Reproduce the records. Keep every word exact and include no images.

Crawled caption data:

# # # # # # #

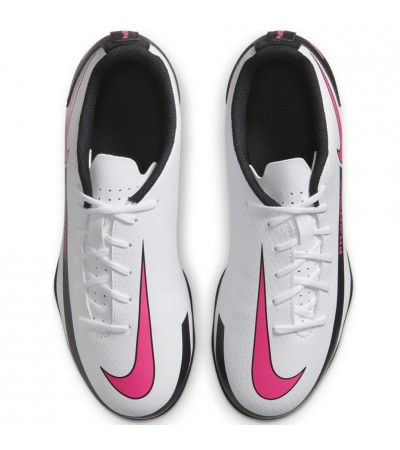 Buty piłkarskie Nike Phantom GT Club FG/MG Junior CK8479 160
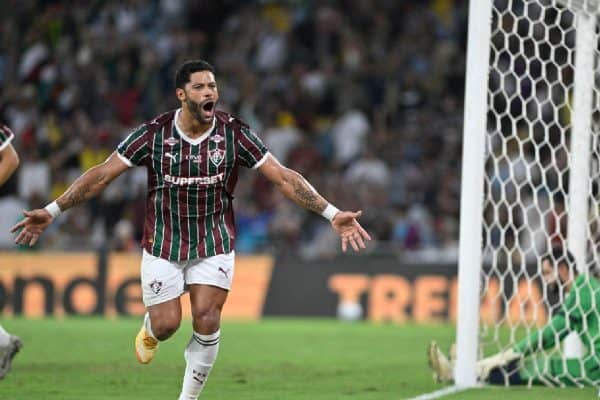 Fluminense aposta no Maracanã e experiência para vencer Platense na Libertadores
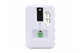 Акустический комплект SKY SOUND WSE-1404 WHITE (5662113) - изображение 4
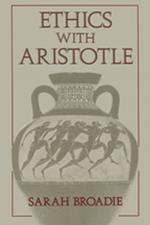 Ethics With Aristotle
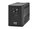 Tripp Lite SMART1000LCDTNC                Image 1 from Right-angle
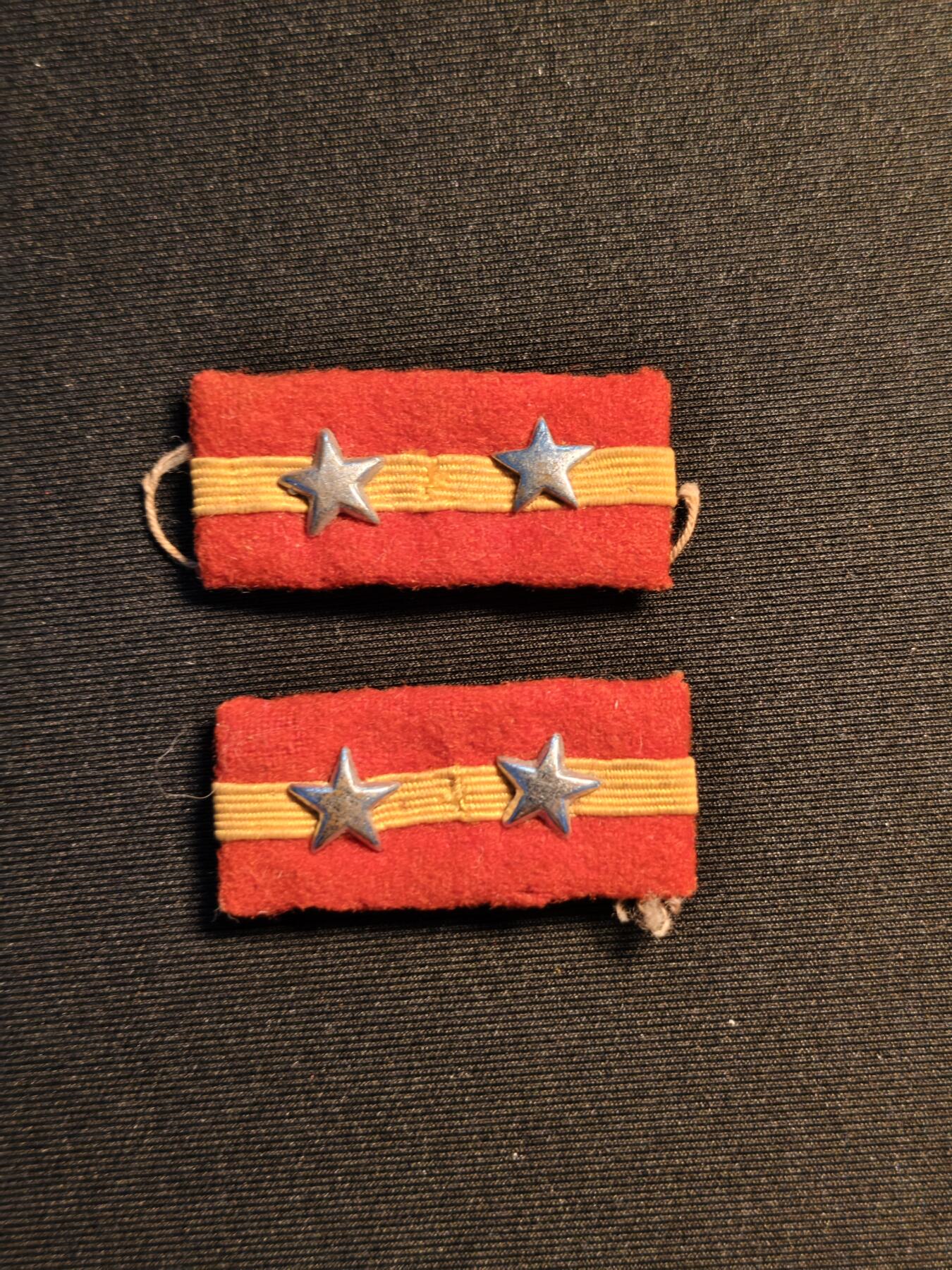 东亚欧洲主题杂货徽章勋章拍卖⑩ （五一大拍350+）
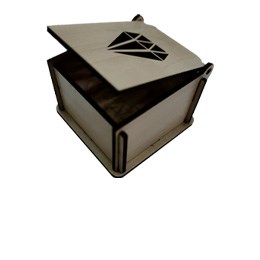 جعبه-انگشتری-الماس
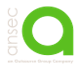 Ansec Gh ANSEC IA Ltd | National Cyber Security Centre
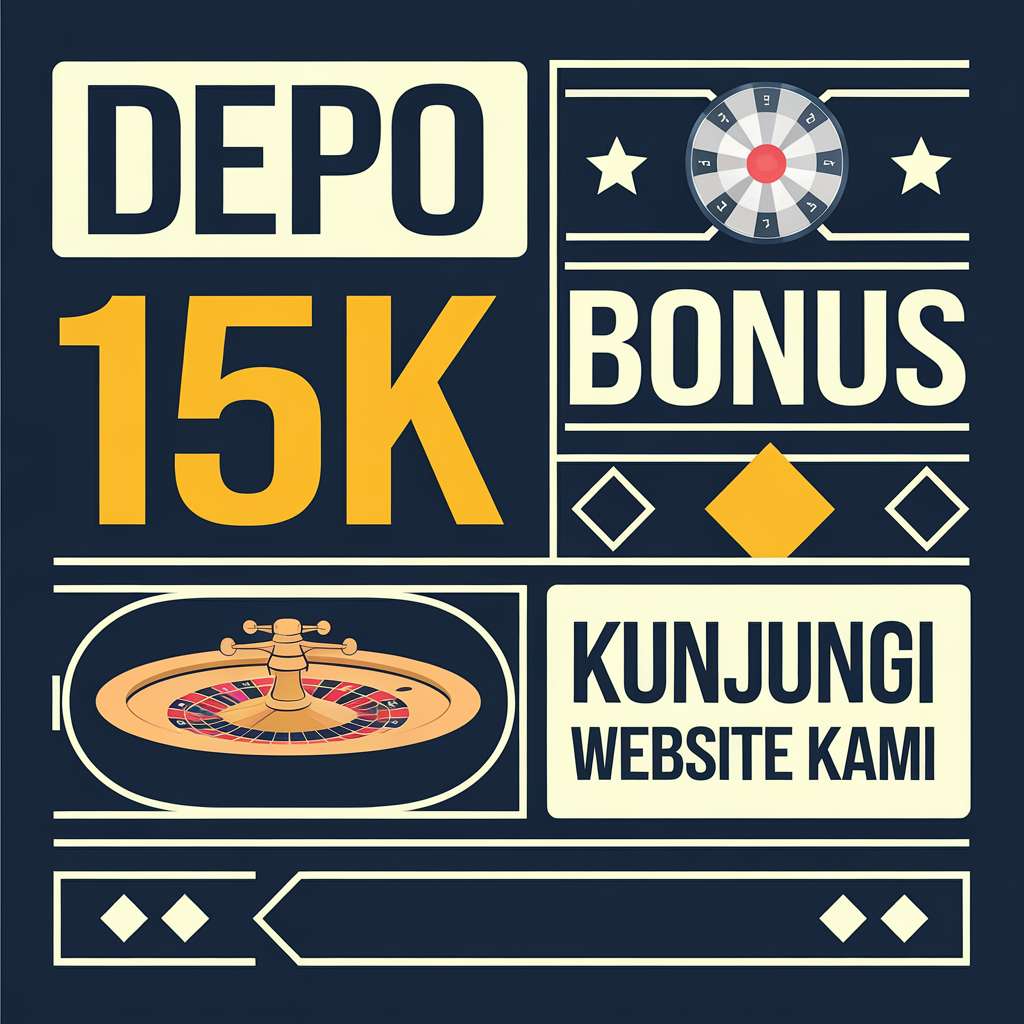 KUDASAKTI168 SLOT 🛠️ BONUS SLOT Kudasakti168 Link Slot Gacor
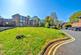 Additional image 19 of Beech Court, Walsall WS1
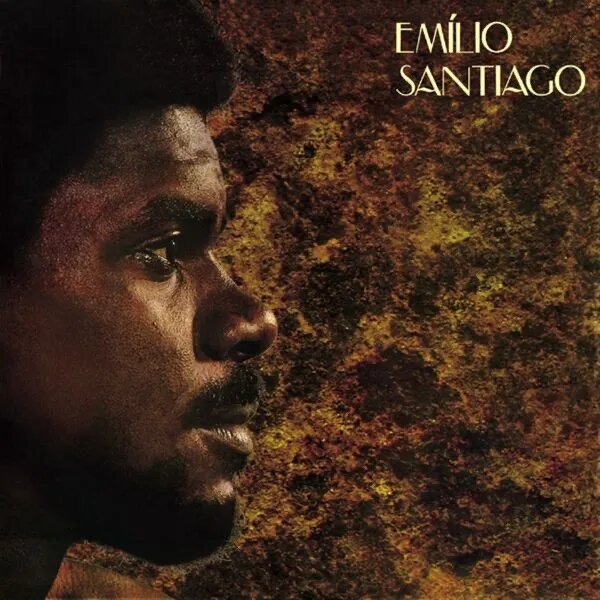 Emílio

# # # # # # #

■ **REPLY TO THE EXERCISE**
 Buty piłkarskie Nike Phantom GT Club FG/MG Junior CK8479 160
 Fluminense aposta no Maracanã e experiência para vencer Platense na Libertadores
 Акустический комплект SKY SOUND WSE-1404 WHITE (5662113) - изображение 4
 Ethics With Aristotle
 Tripp Lite SMART1000LCDTNC                Image 1 from Right-angle
 东亚欧洲主题杂货徽章勋章拍卖⑩ （五一大拍350+）
 جعبه-انگشتری-الماس
 Ansec Gh ANSEC IA Ltd | National Cyber Security Centre
 KUDASAKTI168 SLOT 🛠️ BONUS SLOT Kudasakti168 Link Slot Gacor
 Additional image 19 of Beech Court, Walsall WS1
 Emílio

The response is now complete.